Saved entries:

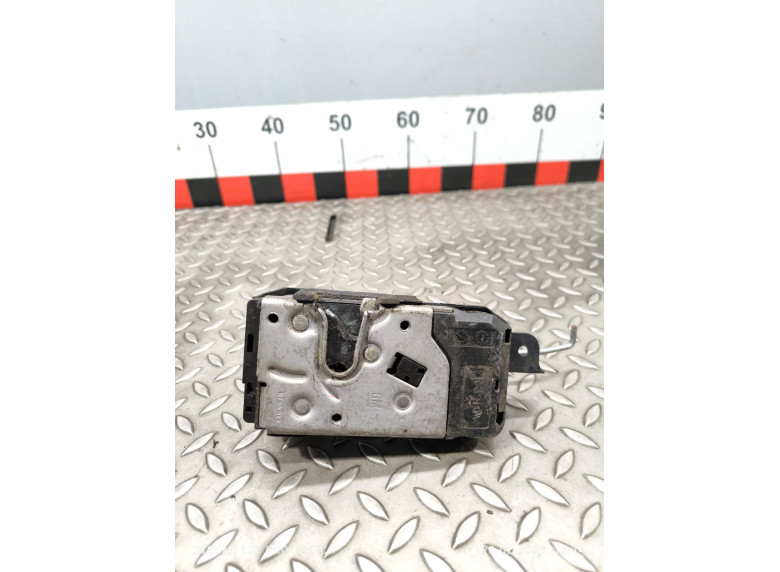 Замок двери передней правой к Opel Astra, 2005г.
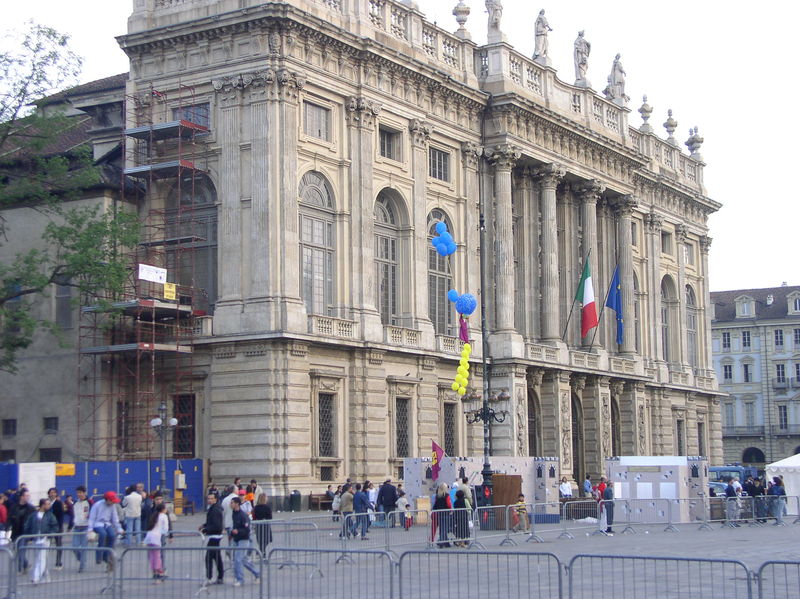 Soubor:PiazzaCastello.jpg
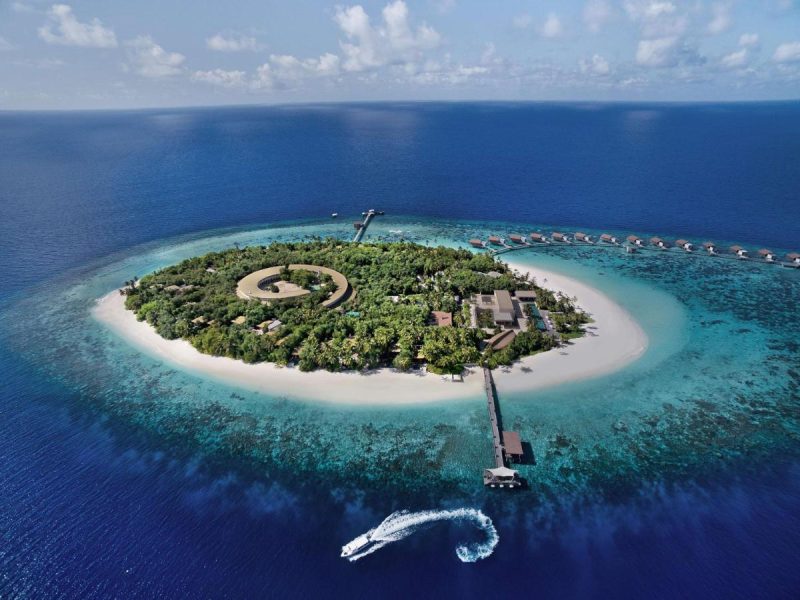 best maldives resorts for snorkeling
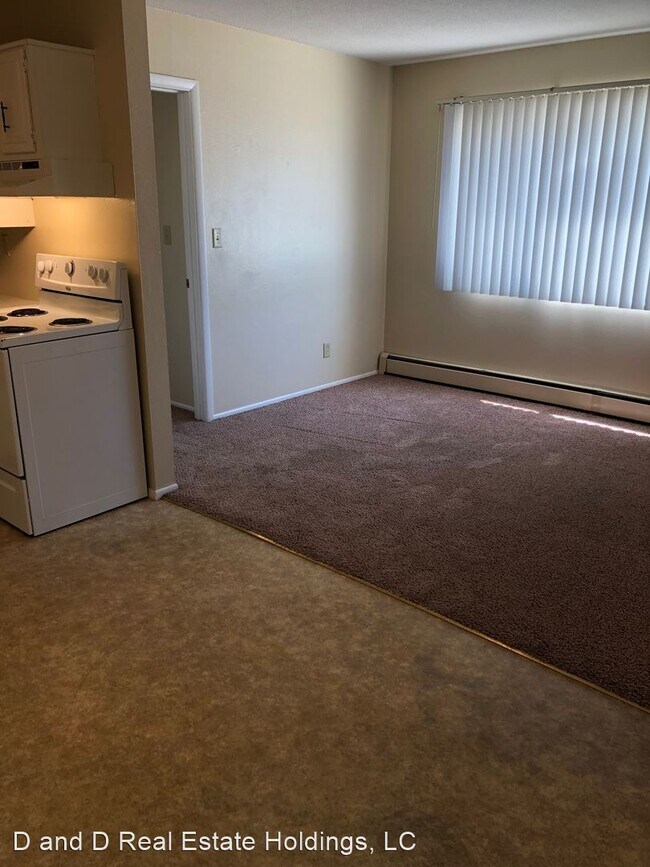 Building Photo - 1 br, 1 bath Apartment - 1345-1365 Meadowv...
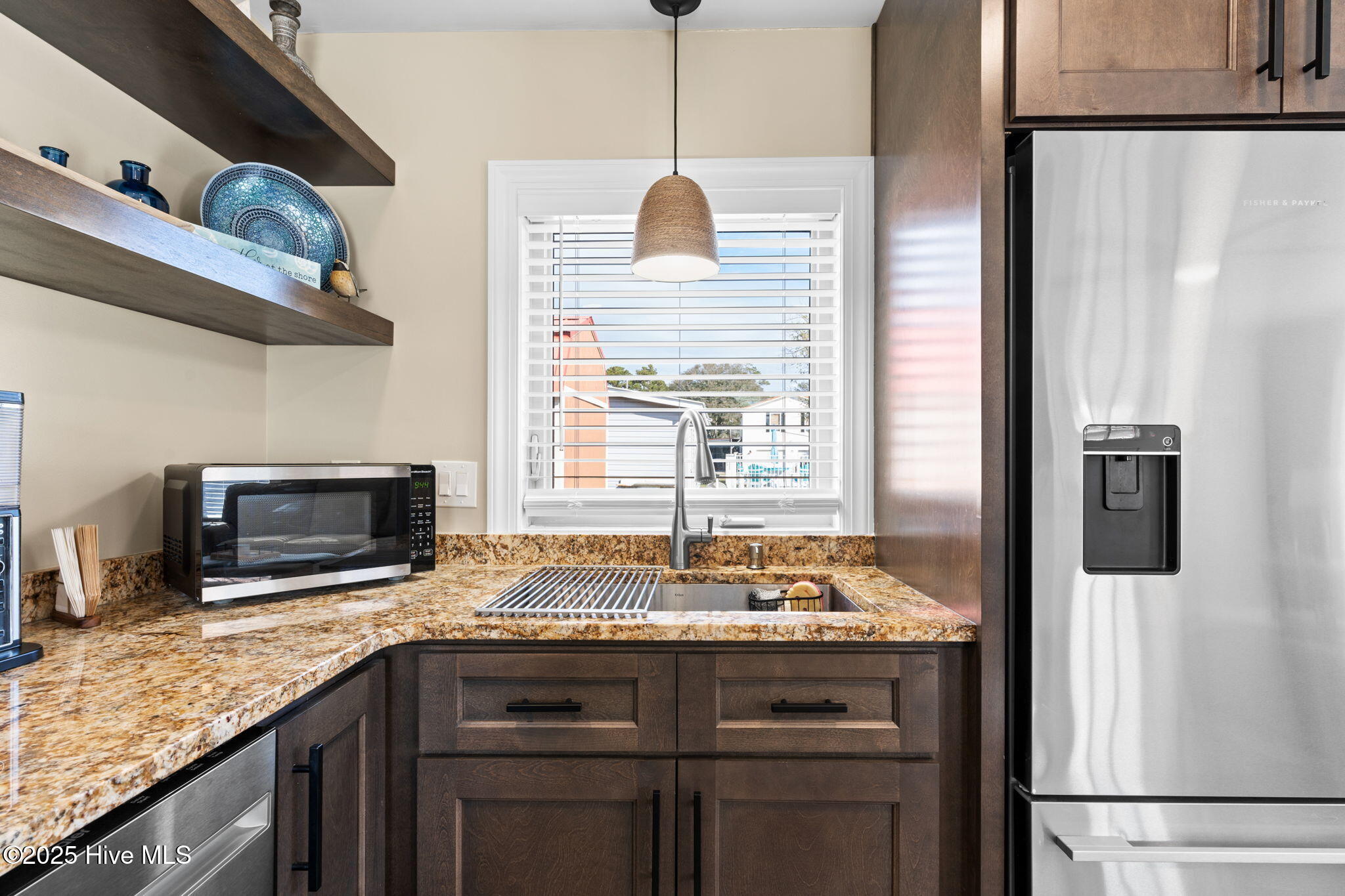 100539848 | Photo 11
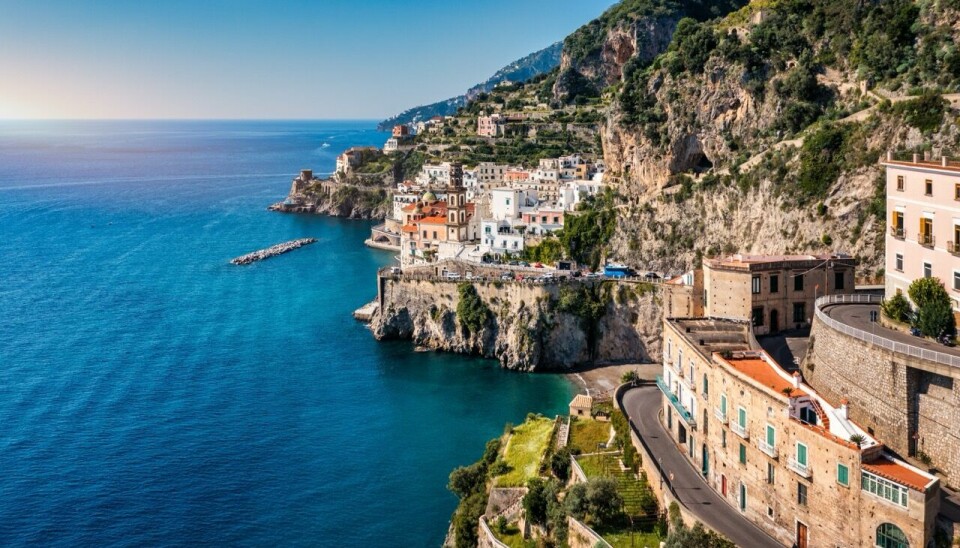 Avbildede Atrani, Amalfi by, Ravello og Positano på Amalfikysten er i seg selv slående, men de ligger også i nærheten av både Napoli, ruinbyen Pompeii, Vesuv, øyene Ischia, Procida og Capri. Dette bildet viser den sjarmerende byen Atrani på Amalfikysten – en mindre kjent perle som ligger tett ved den mer berømte byen Amalfi. Byen er spektakulært plassert mellom dramatiske klipper og det glitrende blå Middelhavet, og er kjent for sin autentiske atmosfære og smale, historiske gater. Avbildede Atrani, Amalfi by, Ravello og Positano på Amalfikysten, ligger også i nærheten av både Napoli, ruinbyen Pompeii, Vesuv, øyene Ischia, Procida og Capri.
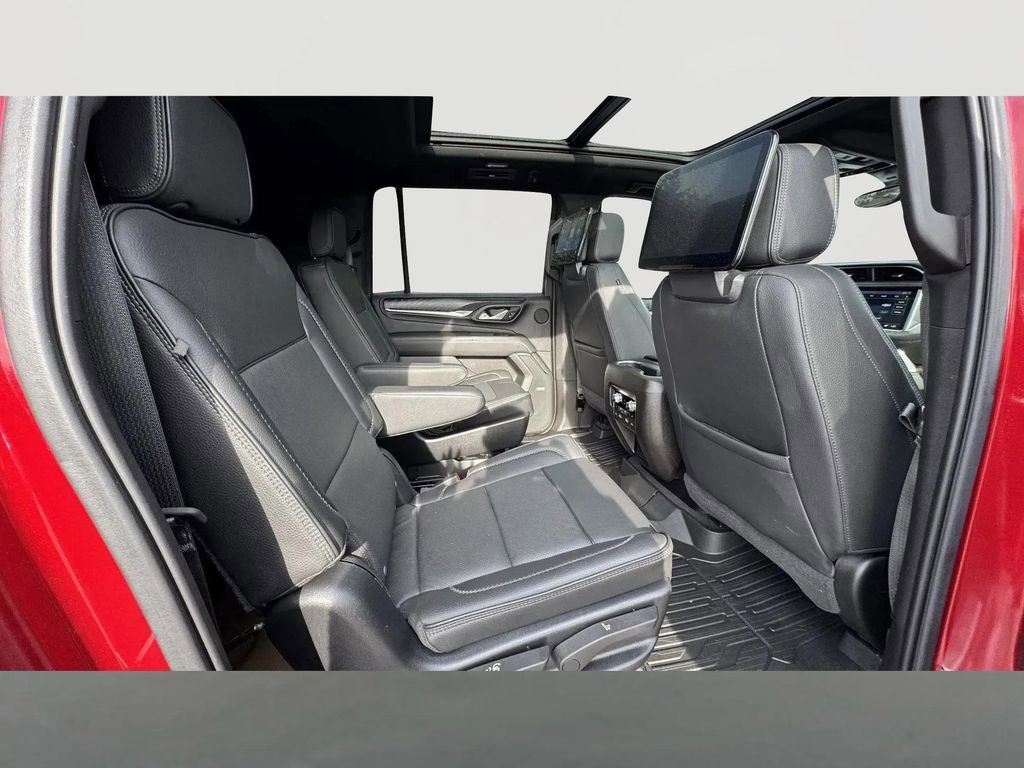 Used 2021 GMC Yukon XL Denali w/ Denali Ultimate Package image 8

» **What to produce**
Omit every image. Quote each record exactly.

» **Response below**
 Замок двери передней правой к Opel Astra, 2005г.
 Soubor:PiazzaCastello.jpg
 best maldives resorts for snorkeling
 Building Photo - 1 br, 1 bath Apartment - 1345-1365 Meadowv...
 100539848 | Photo 11
 Avbildede Atrani, Amalfi by, Ravello og Positano på Amalfikysten er i seg selv slående, men de ligger også i nærheten av både Napoli, ruinbyen Pompeii, Vesuv, øyene Ischia, Procida og Capri. Dette bildet viser den sjarmerende byen Atrani på Amalfikysten – en mindre kjent perle som ligger tett ved den mer berømte byen Amalfi. Byen er spektakulært plassert mellom dramatiske klipper og det glitrende blå Middelhavet, og er kjent for sin autentiske atmosfære og smale, historiske gater. Avbildede Atrani, Amalfi by, Ravello og Positano på Amalfikysten, ligger også i nærheten av både Napoli, ruinbyen Pompeii, Vesuv, øyene Ischia, Procida og Capri.
 Used 2021 GMC Yukon XL Denali w/ Denali Ultimate Package image 8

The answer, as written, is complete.